Contributing Monkie Sarah Backhouse
Published on April 25, 2008
I’ve eaten flax before and thought it tasted like the sawdust that covers the floor at the circus. But as it is a superfood, I’m determined to unearth all of its amazing health-giving properties and attempt to talk my palate into trying it again. Because, filled as it is with unique nutritious qualities, flaxseed certainly deserves its superstar status.
Flaxseeds are full of lignans — “up to 800 times the amount as in any tested plant food” — which is a promising cancer fighting agent (especially breast and colon cancer). Flax consumption can help reduce total cholesterol, including the bad kind and triglycerides. Which makes it good news for the heart as well. As flax is loaded with omega-3 fatty acids, it can help diabetics reduce their blood sugar levels and ease the painful inflammation associated with arthritis.
How? Flax increases immunity, helping the body to defend itself against bacteria and viruses. It also stabilizes hormones, making it a menopausal woman’s best friend. And finally, as flax is full of fiber, it fights everyone’s worst enemy, constipation.
On paper it looks good. Now on to the gastronomic conundrum: how to eat it?

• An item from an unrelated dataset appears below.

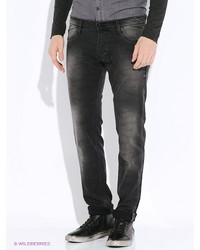 Мужские черные джинсы от JAPAN RAGS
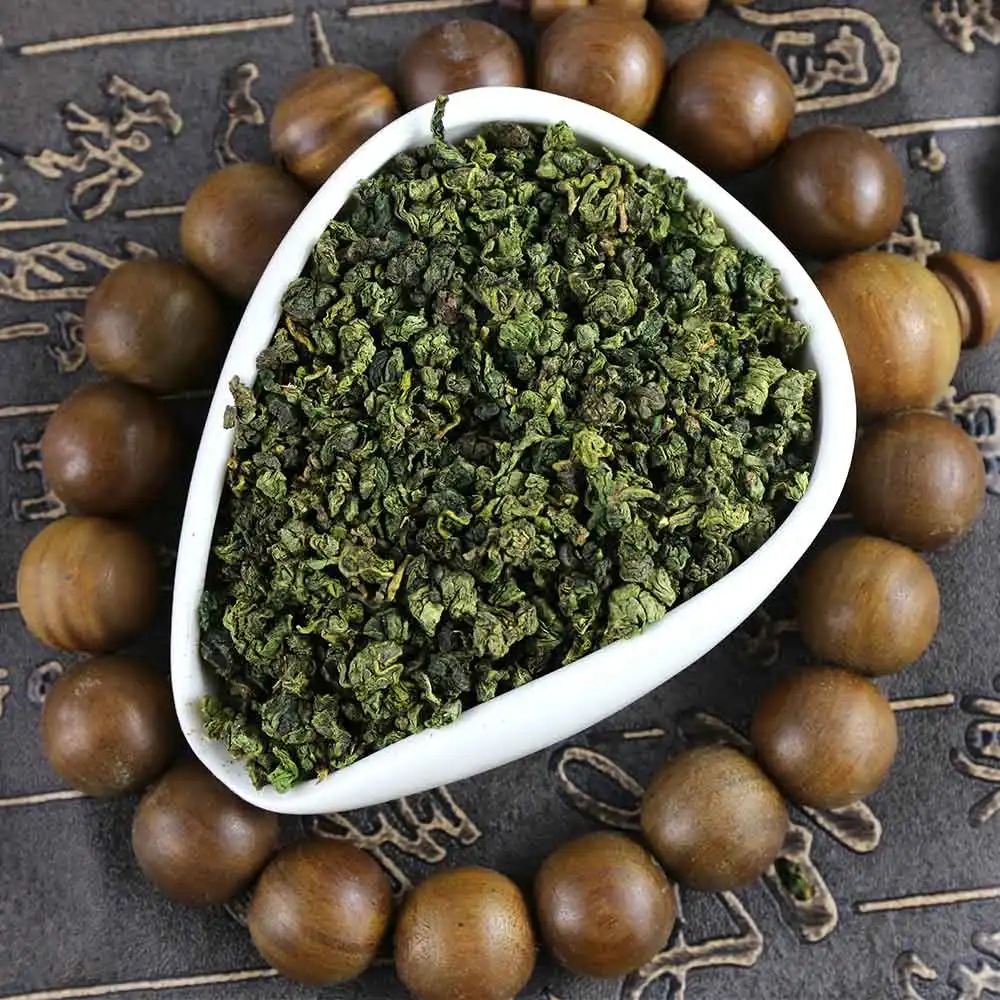 Чай Ti Kuan Yin для похудения Tieguanin Tea Oolong Guanyin Anxi 250 г | Дом и сад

For starters, always purchase whole flaxseed to ensure maximum potency. Grind at home using a coffee grinder of Balmix to unleash optimum nutrient value. Serving suggestions include: sprinkling on cereal or salad; adding a teaspoon or so to smoothies; mixing it into home-made pancakes or muffin batter; making a sweet or savory porridge; or baking flax seed foccacia style bread.
You can also consider swapping out your regular olive oil for the nuttier flaxseed oil, bearing in mind that while it may have the omega-3s, it lacks the lignans and fiber. If you’re still stuck for ideas, check out RecipeZaar’s 774 flaxseed recipes.
Whatever you do — don’t just shove a spoonful of it in your mouth. It’ll put you off flaxseed and circuses.